On the other hand, if we force ourselves to parent the way that other people parent, we will not always see good results. For example, in my family-integrated church years ago, people were criticizing my parenting because they didn’t want their children to wiggle whatsoever during the church service. My children were completely silent and even paid attention to the sermon. Their bottoms wiggled a lot, but their hearts were soft toward God, and they didn’t feel like they were in a straight jacket at church.

Then I failed. I did the wrong thing. I cared that other people were frowning at me, and the result was anger toward my children. I sinned. But my children now looked better than ever. They looked perfect, but they were suffocating inside. It was sin for me to copy other people. It was wrong for me not to graciously forgive the person who was frowning at me. I ought to have prayed that the frowning person would yield to the Spirit so that the fruit of the Spirit would shine out of that person’s eyes. I didn’t even know that person was sinning. Instead, I was sinning as a gut reaction to the person’s frown.

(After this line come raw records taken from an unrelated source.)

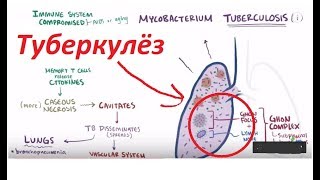 видео Этапы пневмонии: особенности и разновидности патологии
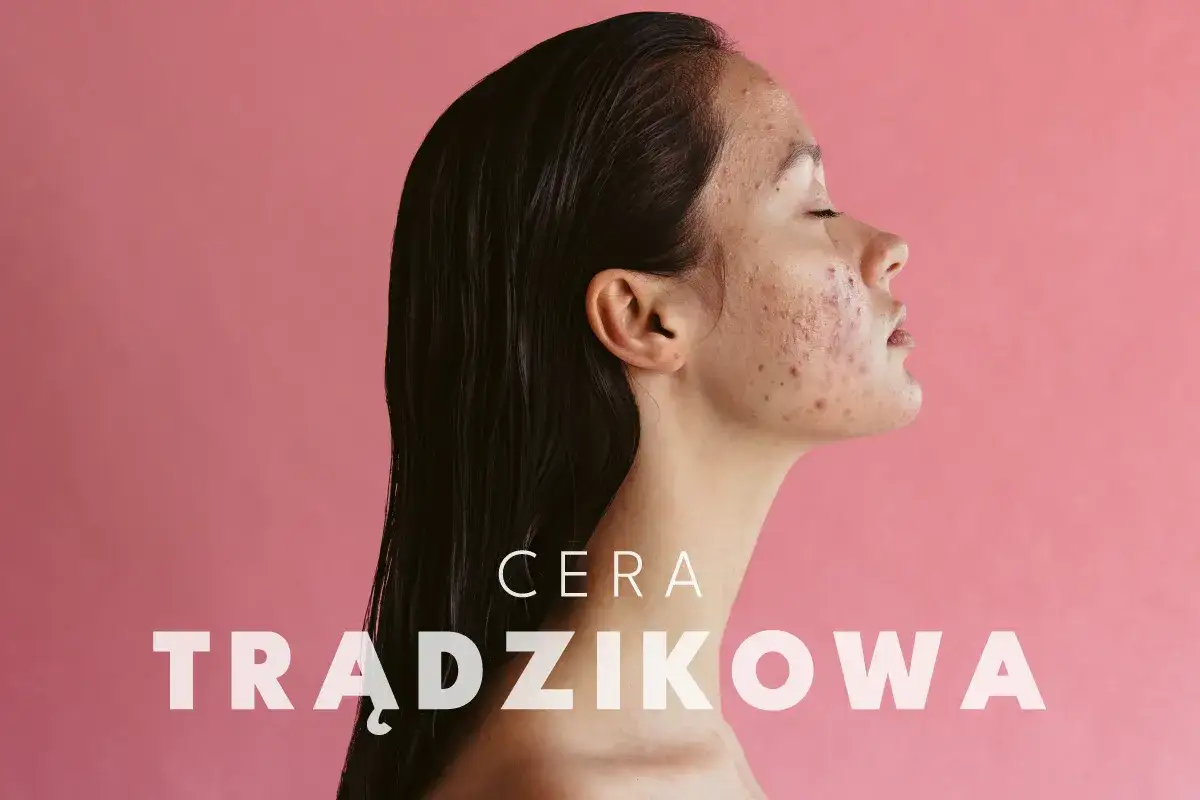 Profil kobiety z cerą trądzikową. Dowiedz się, co zrobić, żeby nie mieć pryszczy i odzyskać gładką skórę.
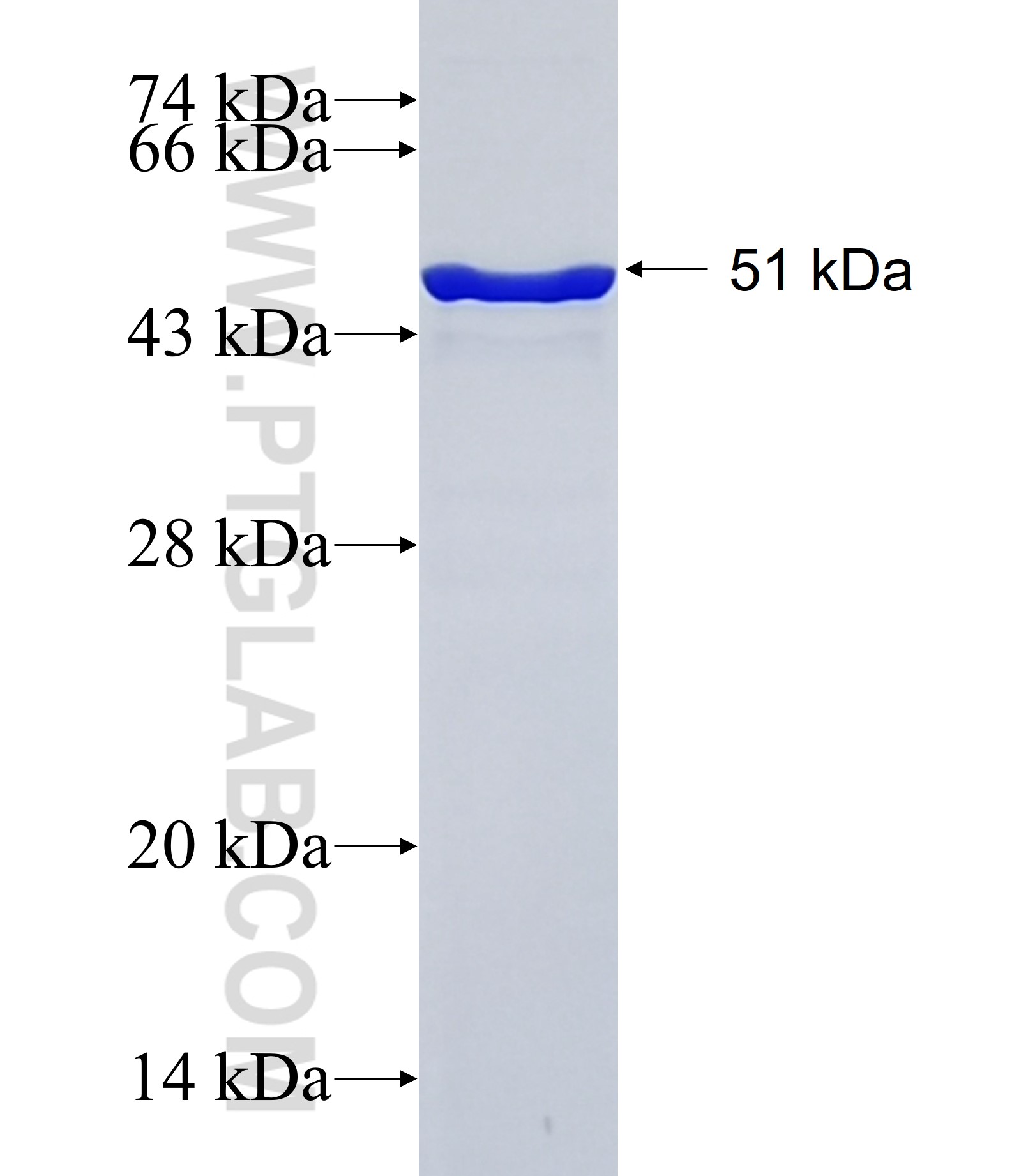JARID2 fusion protein Ag34738 SDS-PAGE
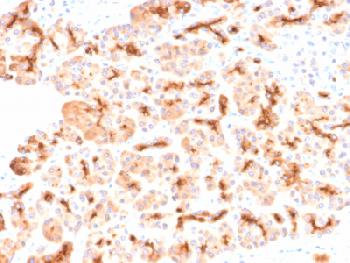 Anti-CFTR (Cystic Fibrosis Transmembrane Conductance Regulator) Recombinant Rabbit Monoclonal Antibody (Clone:CFTR/2290R)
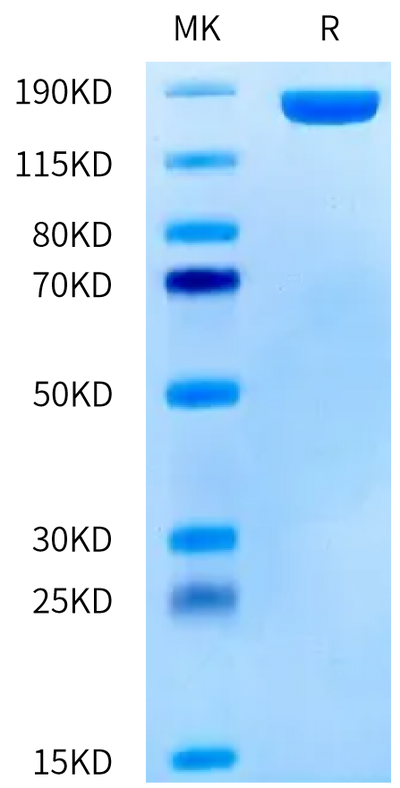 Human CD206 on Tris-Bis PAGE under reduced condition. The purity is greater than 95%.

One time my (then) 6-year-old son cried out right before a Scripture passage was read. I know many parents who disciplined their children for any sound their children made, no matter what, no exceptions. But what they didn’t know about my son is something that only I knew. I knew his heart. He wanted to find the Scripture passage, and he tried so hard to find the passage before it was read, but he failed. I knew that he loved the Word of God with all his heart. His crying out was not sin. I would have sinned if I had disciplined him for crying out. Only parents know the heart of their child.

Of course, if your children disobey you and you don’t discipline them, you are sinning. But most Christian parents are following God to the best of their ability, and they don’t need people slamming them down.

It took years for me to get over the whole parent criticism thing. My husband went so far as to have all the children sit by him. He wanted me to sit on the aisle. Whenever one of my children would make the slightest noise, I would close my eyes, yield to the Spirit, and praise Him for humbling me. It was God’s will for me to be humble. It always is. There was actually a point where, whenever my children made any noise, my gut reaction was sweetness. I radiated the Spirit of God out of my eyes. Because when you have your face smashed in the dirt, you have nowhere to look but up.

In fact, it wasn’t until a gray-haired man from our Bible study told my husband and I (with tears in his eyes) what outstanding parents we were, that my life as a parent was changed. He saw how we shepherded each child, and we knew the spiritual strengths and weaknesses of each child. It finally sunk into my soul. At that moment, I knew that I was a good parent. Yes, I fail, mess up, and sin, but I love God with all my heart, and I actively shepherd my children. God is pleased with me. The wind is blowing through my hair on the top of a mountain, and I am free!!!